It’s the fourth day of the RPS Advent Calendar and today it’s raining. But it is rainy – relaxing. There is a purring cat. You have an infusion, and nothing in particular planned. Maybe you’ll recatalog your bustling, living inventory.
What else could it be but Strange Horticulture!
Alice Bee: I often think that I would like to run a small shop selling a niche of products. Except I wouldn’t want that, because that would involve doing another kind of tax and paying rent on the premises and ordering stock and so on. And so on. So what I would really like to do is run a shop like Strange Horticulture. It’s a timeless place, a retail simulator where what you sell are answers to problems in the form of strange plants. You are sitting in your shop, and people come pleading to an altar and ask you: I need the plant to help me sleep, which one is it? I am troubled by visions, so should I take the plant to stop them, or make them stronger? Which of these plants will open a lock?
And you open your big illustrated tome of plants, and you flip to the right page, and you write down the description. And then you look through the jars on your shelves, and you find what your customers are looking for. There’s also a deeper mystery, but what I liked most about Strange Horticulture was that tactility. As I moved the flower pots around, read that some leaves were pungent or others smelled like citrus, I was blown away! I felt like I was really opening the secret drawer in my desk and poring over the map of the area, really putting new pages in my instruction tome, and carefully writing my labels for the plants. What a charming and slightly sinister shopkeeper.
Rebecca: Did you know that in Strange Horticulture you can prevent Hellebore the cat from being startled by the ringing of the store bell? What you need to do is pet it right before dinner, throw it into its scratching animation, and thus cancel its frightened animation. I know this because my partner played Strange Horticulture before me and was so adamant about not scaring off Hellebore with the bell that I entered the game thinking there was some sort of stress meter from hidden chat that I had to manage. Then I remembered my partner was just a big softie when it came to cats. I did it every time anyway, because you should be nice to Hellebore.
Strange Horticulture wasn’t a hard sell for me: it’s an indie game about running a small plant shop with a friendly black cat, and to be honest, I’m thinking about getting into this work to pursue that exact dream at least once. one week. Additionally, I have a lifelong interest in video games set in the UK that are not based around London. To the best of my recollection I’ve only visited Windermere once in my life, but it was one of those random beautiful days that for some reason becomes a staple childhood memory, so I was out of proportion excited to see Quartier Lake as the setting for a game.

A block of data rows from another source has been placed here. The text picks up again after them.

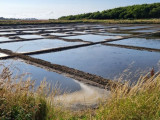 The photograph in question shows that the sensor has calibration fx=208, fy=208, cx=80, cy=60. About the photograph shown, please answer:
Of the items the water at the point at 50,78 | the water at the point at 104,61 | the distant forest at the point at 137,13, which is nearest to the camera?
the water at the point at 50,78

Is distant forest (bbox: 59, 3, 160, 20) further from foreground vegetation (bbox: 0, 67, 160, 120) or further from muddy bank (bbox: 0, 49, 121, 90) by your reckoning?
foreground vegetation (bbox: 0, 67, 160, 120)

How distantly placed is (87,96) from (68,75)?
2.27m

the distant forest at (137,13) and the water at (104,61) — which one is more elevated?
the distant forest at (137,13)

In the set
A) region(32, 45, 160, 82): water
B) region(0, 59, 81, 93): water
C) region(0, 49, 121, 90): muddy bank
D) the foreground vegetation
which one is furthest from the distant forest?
the foreground vegetation

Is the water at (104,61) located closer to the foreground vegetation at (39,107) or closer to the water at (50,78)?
the water at (50,78)

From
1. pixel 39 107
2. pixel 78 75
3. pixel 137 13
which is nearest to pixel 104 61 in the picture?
pixel 78 75

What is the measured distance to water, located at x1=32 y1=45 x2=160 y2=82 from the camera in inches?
368

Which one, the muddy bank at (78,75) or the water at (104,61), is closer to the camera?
the muddy bank at (78,75)

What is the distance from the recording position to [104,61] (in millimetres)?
11164

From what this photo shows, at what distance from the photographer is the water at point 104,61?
9.34 m

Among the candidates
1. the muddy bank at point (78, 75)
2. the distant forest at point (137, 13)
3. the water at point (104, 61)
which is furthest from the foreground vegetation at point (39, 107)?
the distant forest at point (137, 13)

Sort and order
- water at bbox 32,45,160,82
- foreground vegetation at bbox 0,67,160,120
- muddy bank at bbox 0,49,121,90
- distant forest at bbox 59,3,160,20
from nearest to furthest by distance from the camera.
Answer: foreground vegetation at bbox 0,67,160,120 → muddy bank at bbox 0,49,121,90 → water at bbox 32,45,160,82 → distant forest at bbox 59,3,160,20

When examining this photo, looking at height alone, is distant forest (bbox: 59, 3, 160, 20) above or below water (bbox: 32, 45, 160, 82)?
above

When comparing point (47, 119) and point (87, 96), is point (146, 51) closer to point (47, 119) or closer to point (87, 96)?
point (87, 96) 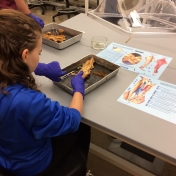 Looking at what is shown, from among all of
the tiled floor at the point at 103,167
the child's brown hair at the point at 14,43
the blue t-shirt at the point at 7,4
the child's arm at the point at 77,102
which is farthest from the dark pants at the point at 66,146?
the blue t-shirt at the point at 7,4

There’s also a certain fascination I have with any game that puts you in the shoes of a character that would traditionally be an NPC. I’m a sucker for the subgenre where you run a blacksmith shop or a miscellaneous market stall, supplying heroes with the key item at the right time, but for you, it’s just an ordinary day. In Strange Horticulture, the main characters of a complex occult mystery pass through your store daily, but all you do is ruminate on the place thinking about your plants. It’s a delightful side angle to view this dark fairy tale, with the added bonus that it ups the spooky factor considerably.
Now remember: it’s scritches for Hellebore, then ring the bell.